Lo anterior, luego de que el presidente del Consejo Coordinador Empresarial (CCE), Leopoldo «Polo» Mares, expresara el malestar del sector privado al considerar que dichos espectaculares enturbiaron las negociaciones para concretar el nuevo hospital y propiciaron que durante la reciente visita del director general del IMSS, Zoé Robledo, no fueran convocados ni los empresarios ni la propia mandataria estatal.
Cuestionada sobre esa postura, Campos respondió que no puede aceptarse que decir «la verdad» sea motivo para dejar de atender las necesidades de los chihuahuenses. «¿Usted cree que porque alguien, no sé quién, diga la verdad, es un motivo para que, ‘ay, me duela mi corazón’ y entonces no cuide a los chihuahuenses?», expresó.

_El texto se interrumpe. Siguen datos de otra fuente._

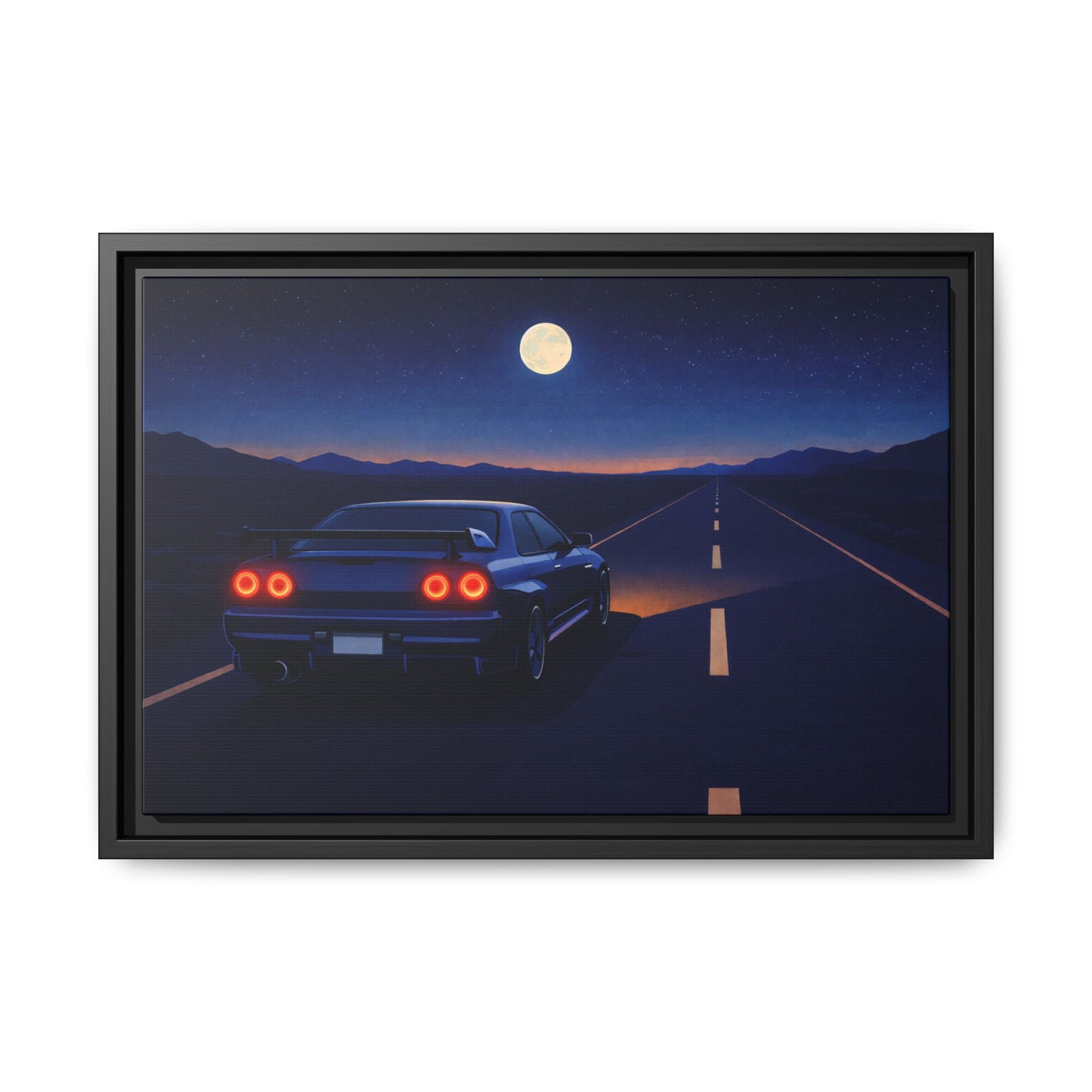 RetroGTR Blue Night Drive Wall Framed Canvas | JDM Car Decor | Sports Car Poster | Garage Man Cave Bedroom Art 2 of 3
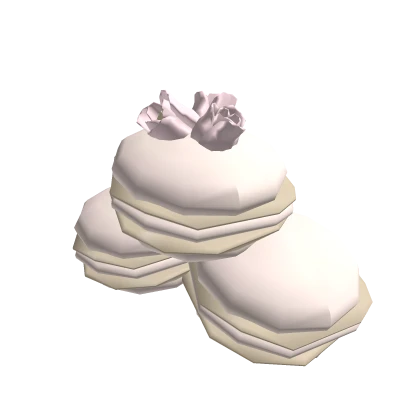 White Macaroon Stack with Roses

La titular del Ejecutivo estatal sostuvo que esa explicación carece de sustento y lanzó una crítica directa a quienes pretendan justificar una eventual afectación a los servicios de salud por un diferendo político. «Eso es una falsedad, eso es una mentira, eso es una simulación y eso se llama hipocresía», sentenció.
Maru Campos agregó que quien ocupa una responsabilidad de gobierno debe actuar con institucionalidad, independientemente de las críticas o señalamientos que reciba. Afirmó que gobernar implica cumplir con las obligaciones hacia la población, incluso frente a los cuestionamientos más severos.
En ese sentido, sostuvo que no puede concebirse como un argumento válido que una inconformidad por los espectaculares derive en frenar acciones para fortalecer al IMSS en Chihuahua. «Realmente cuando gobiernas lo haces pese a que digan lo peor de ti», enfatizó.
La mandataria concluyó señalando que no puede aceptarse que una controversia política sirva como pretexto para detener el suministro de medicamentos, el equipamiento médico o proyectos de infraestructura hospitalaria, al afirmar que la prioridad debe ser garantizar la atención de los derechohabientes y responder a las necesidades de salud de los chihuahuenses.